Прошли почти три недели, а Н. так и не звонил. О своем плане, который я вскоре стал расценивать как глупую выдумку, я думал все меньше. В конце концов, все это почти выветрилось из моей головы, и тут однажды ближе к обеду Н. позвонил из Гааги. Он должен был приехать в этот день в Амстердам и собирался зайти, чтобы рассказать мне кое о чем, что совсем не хотел обсуждать по телефону.

Что же это могло быть? Сколько я ни думал, я не мог представить себе ничего, что могло быть достаточно важным, кроме того, что его могли уволить с фирмы и он хотел занять денег, из которых я, естественно, потом ни цента не увижу.

И все же после обеда, когда часа в два дня он поднялся ко мне наверх, он произвел на меня впечатление живчика, с трудом сдерживающего свои чувства. Как мне показалось, одет он был почти так же, как в прошлый раз, но с большей развязностью.

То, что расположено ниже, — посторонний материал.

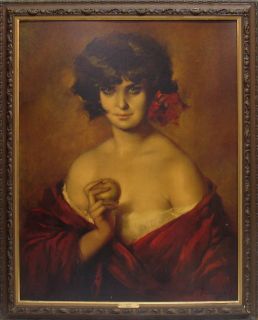VINTAGE MYSTERIOUS EVITA RED ROSE PRETTY LADY PUYET PAINTING PRINT FRAME BIG  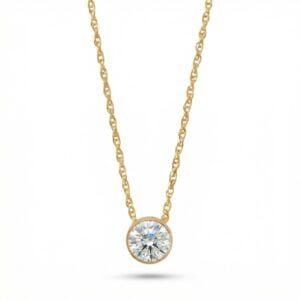 14/20 Gold Filled Floating 6mm Lab Grown Diamond Slide Necklace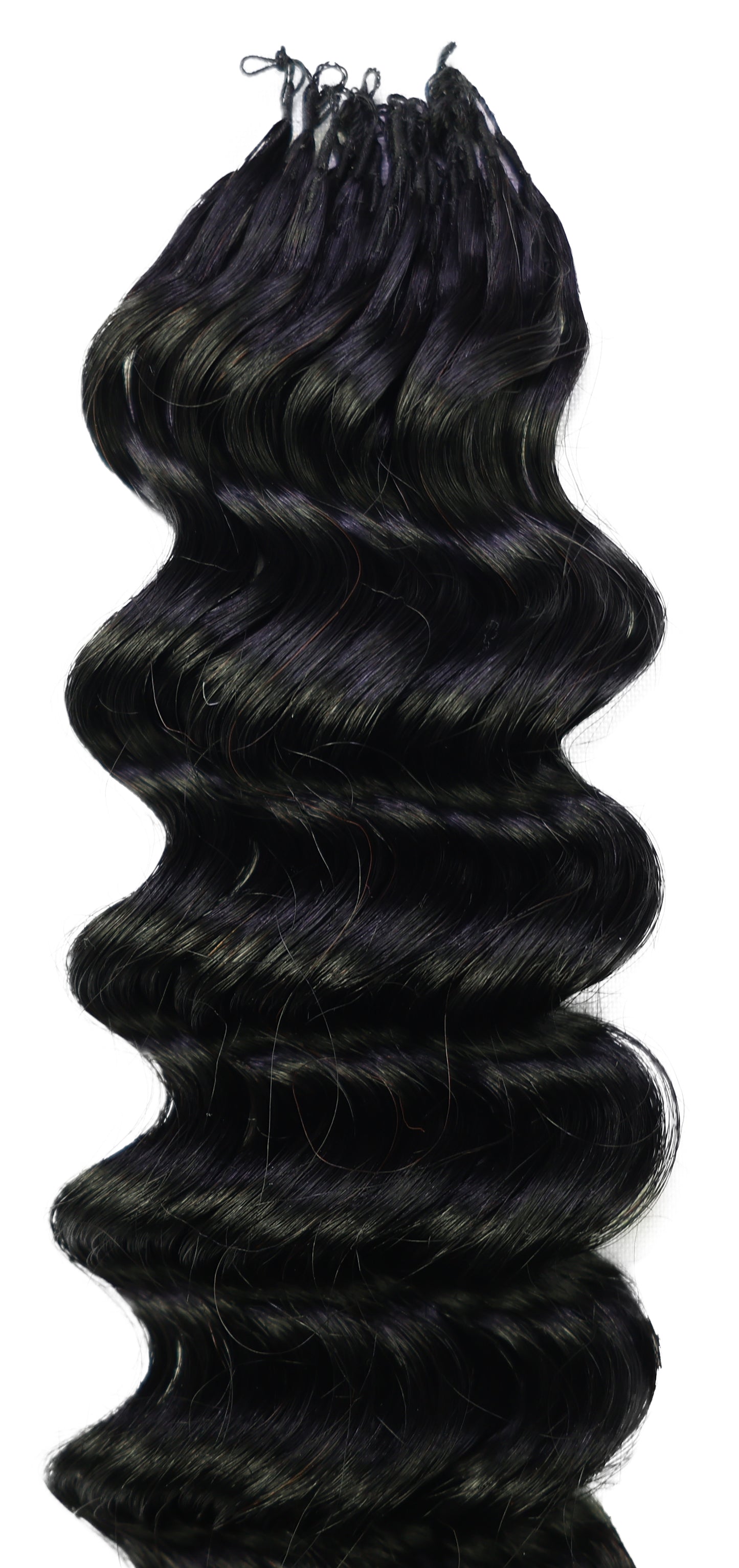 LUXLUXE Deep Wave Real Human Crochet Hair Extensions - Natural & Natural Black 18 & 16 & 14 Inch 50g Knotless Pre Separated Feather Wavy Hairpiece for Women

Он сразу же перешел к делу:

— Помнишь, я должен был рассказать ему историю, да?

— А? Ну да.

Я, между прочим, сказал ему, что он все должен видеть перед собой внутренним взором, даже одежду, возраст и занятия мальчика, что он должен будет описывать все это, так? Да, так. Ну, в общем, такие вещи рассказывать у него не очень хорошо получается, но в тот момент, когда он, лежа рядом с обнаженным Небесным Принцем, уже отчаялся, что ракета того когда-нибудь вспыхнет и выстрелит в вечность, он вдруг вспомнил эпизод из своей юности и именно об этом он совершенно случайно рассказал: как-то раз, в бытность свою бойскаутом — да еще в отряде морских разведчиков — играя в лесу рядом с озером, он связал одного красавчика-товарища, потом раздел его и часами щекотал и бил, то есть не он сам, а несколько его друзей, потому что он мучался глупым вопросом, нравится ему это или нет, он хотел даже помешать им пытать дальше громко ревущего мальчика, но в то же самое время, пока он, тяжело дыша, наблюдал за извивающимся и тщетно вырывающимся мальчишеским телом, он надеялся, что происходящему никогда не настанет конец. Вот что он и рассказал, честно, так, как все было, он даже упомянул такую примечательную деталь, что пришла ему в голову уже во время повествования: на мальчике, пока его пытали, была кепочка морского разведчика.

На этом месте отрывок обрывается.